I personally find the Lindeberg method to be quite interesting. The main idea is that, if $f\colon\mathbb{R}^n\rightarrow\mathbb{R}$ is smooth, $X$ is a random vector with iid entries of mean 0 and variance 1, and $Y$ is a random vector with iid Gaussian entries of mean 0 and variance 1, then $\mathbb{E}f(X)$ is close to $\mathbb{E}f(Y)$. In fact, the entries of $X$ need not be independent, but rather exchangeable (see Theorem 1.2 in Chatterjee). This method was recently leveraged by Oymak and Tropp to study a particularly general class of random projections.

In order to leverage Lindeberg to convert to Gaussian, we need a smooth function, but considering how pointy the PSD cone is, it comes as no surprise that $M\mapsto\mathrm{SDP}(M)$ fails to be sufficiently smooth. To remedy this, Montanari and Sen first define

$\mathrm{OPT}_k(M)~~:=~~\max ~~\langle M,X\rangle ~~\mathrm{s.t.} ~~\mathrm{diag}(X)=1, X\succeq0,\mathrm{rank}(X)\leq k.$

Then each $X$ in the feasibility region can be expressed as a Gram matrix $\sigma^\top\sigma$, where $\sigma\in\mathbb{R}^{k\times n}$ and each column has unit 2-norm. Of course, $\mathrm{OPT}_n(M)=\mathrm{SDP}(M)$, and a symmetric version of Grothendieck’s inequality, gives that $\mathrm{OPT}_1(M)\geq(C/\mathrm{log}~n)\mathrm{SDP}(M)$. Montanari and Sen generalize this inequality to show that $\mathrm{OPT}_k(M)\approx\mathrm{SDP}(M)$ for each $k$.
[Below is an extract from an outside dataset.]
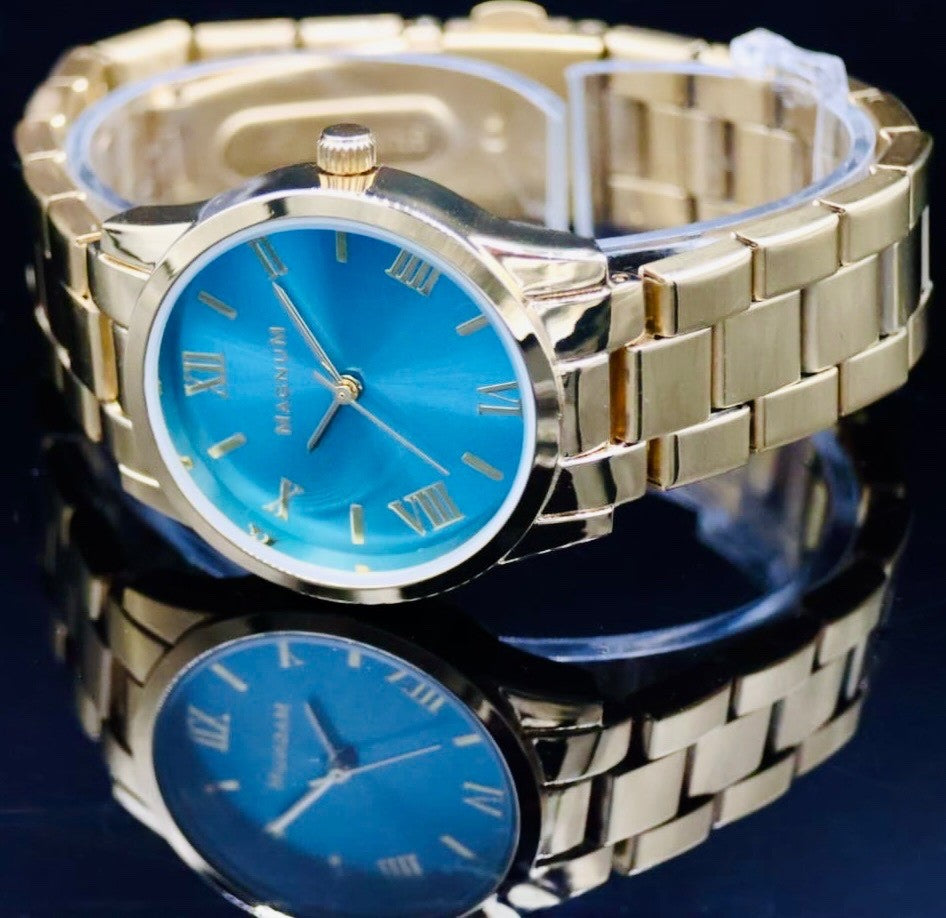 Excellanc Damen Armband Uhr Gold Türkis Farben Damenuhr #11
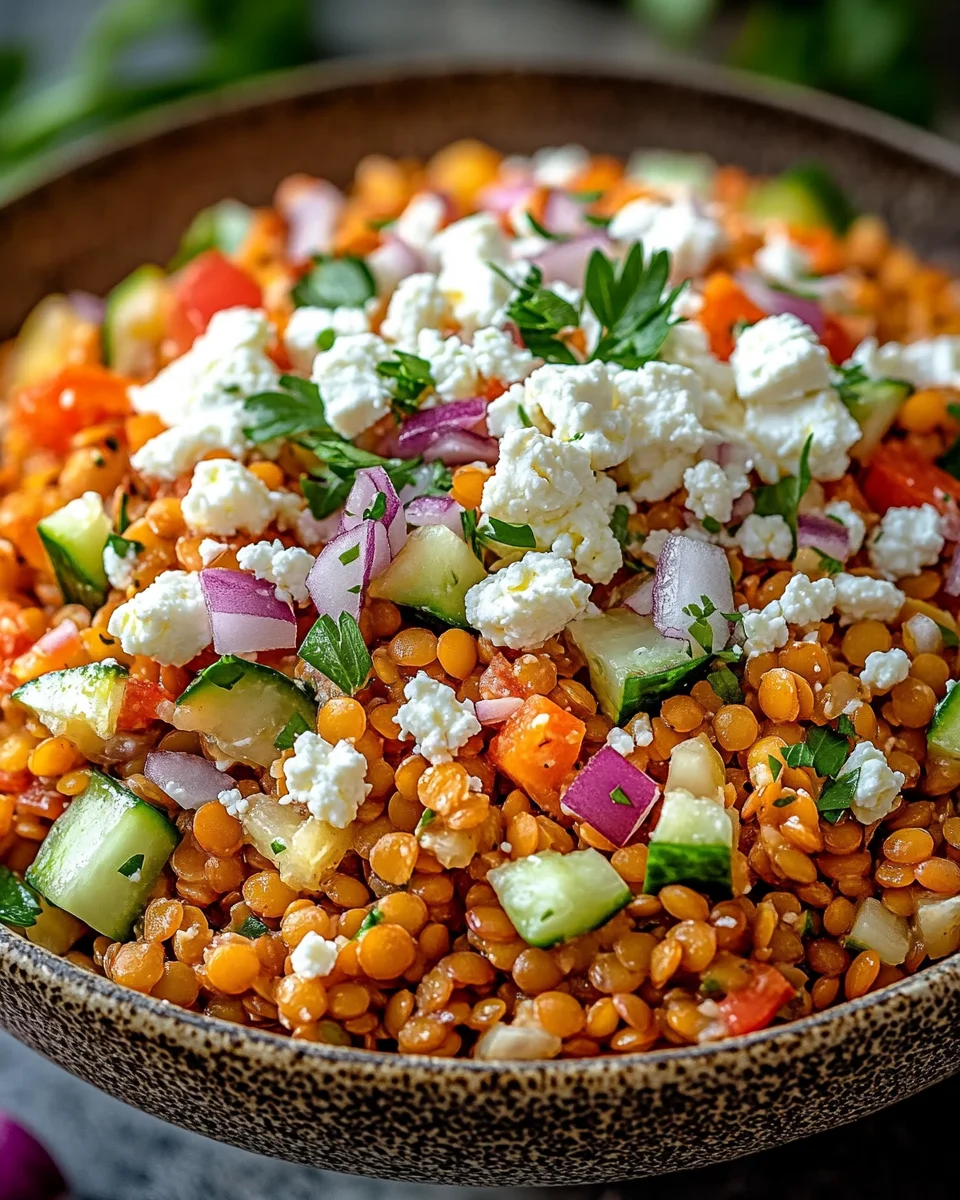 Orientalischer Rote Linsen Salat mit Feta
However, $M\mapsto\mathrm{OPT}_k(M)$ is still not a smooth function, but it can be approximated by a smooth function by leveraging ideas from statistical mechanics. Indeed, consider the log-partition function

$\displaystyle{\Phi(\beta,k;M):=\frac{1}{\beta}\log\bigg\{\int_{(S^{k-1})^n}\exp\Big(\beta\langle M,\sigma^\top\sigma\rangle\Big)d\nu(\sigma)\bigg\},}$

where $d\nu(\cdot)$ denotes the uniform measure over the product of spheres $(S^{k-1})^n$. As $\beta$ gets large, the integrand becomes increasingly peaky at the maximizer of $\mathrm{OPT}_k(M)$, and so the log approaches $\beta\mathrm{OPT}_k(M)$. As such, $\lim_{\beta\rightarrow\infty}\Phi(\beta,k;M)=\mathrm{OPT}_k(M)$, suggesting that one may pick $\beta$ so as to juggle smoothness and approximation.